From the first line to the last, print the material exactly, skipping the pictures.

Start of Given data

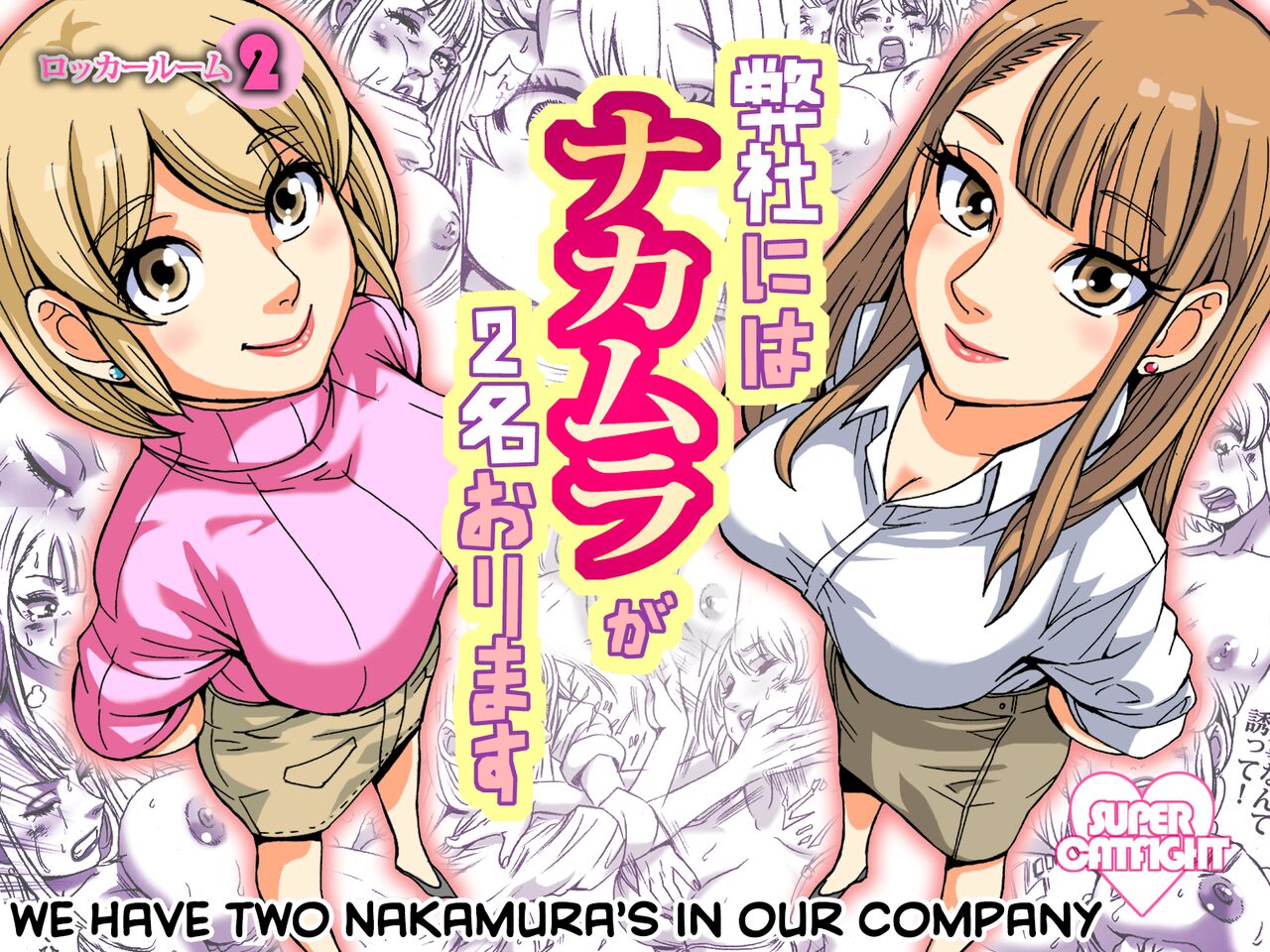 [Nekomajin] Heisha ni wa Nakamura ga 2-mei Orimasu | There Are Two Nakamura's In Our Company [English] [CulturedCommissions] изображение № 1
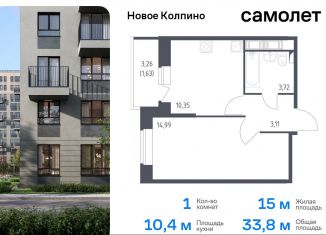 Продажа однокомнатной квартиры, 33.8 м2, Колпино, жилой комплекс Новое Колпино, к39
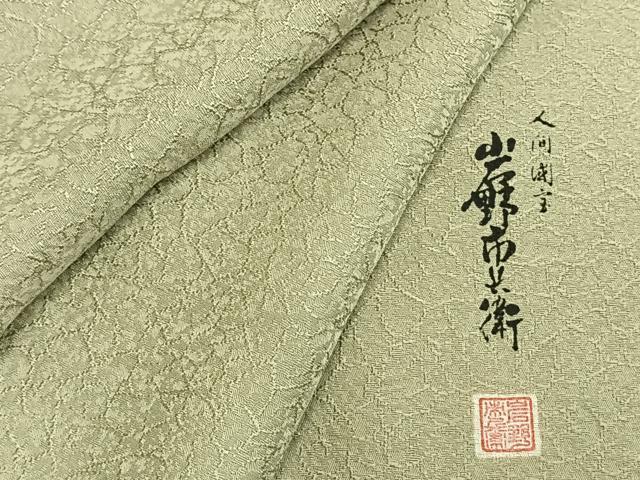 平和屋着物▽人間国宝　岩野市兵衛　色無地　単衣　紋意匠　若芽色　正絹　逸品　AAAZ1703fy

End of Given data

_Task result_:
 [Nekomajin] Heisha ni wa Nakamura ga 2-mei Orimasu | There Are Two Nakamura's In Our Company [English] [CulturedCommissions] изображение № 1
 Продажа однокомнатной квартиры, 33.8 м2, Колпино, жилой комплекс Новое Колпино, к39
 平和屋着物▽人間国宝　岩野市兵衛　色無地　単衣　紋意匠　若芽色　正絹　逸品　AAAZ1703fy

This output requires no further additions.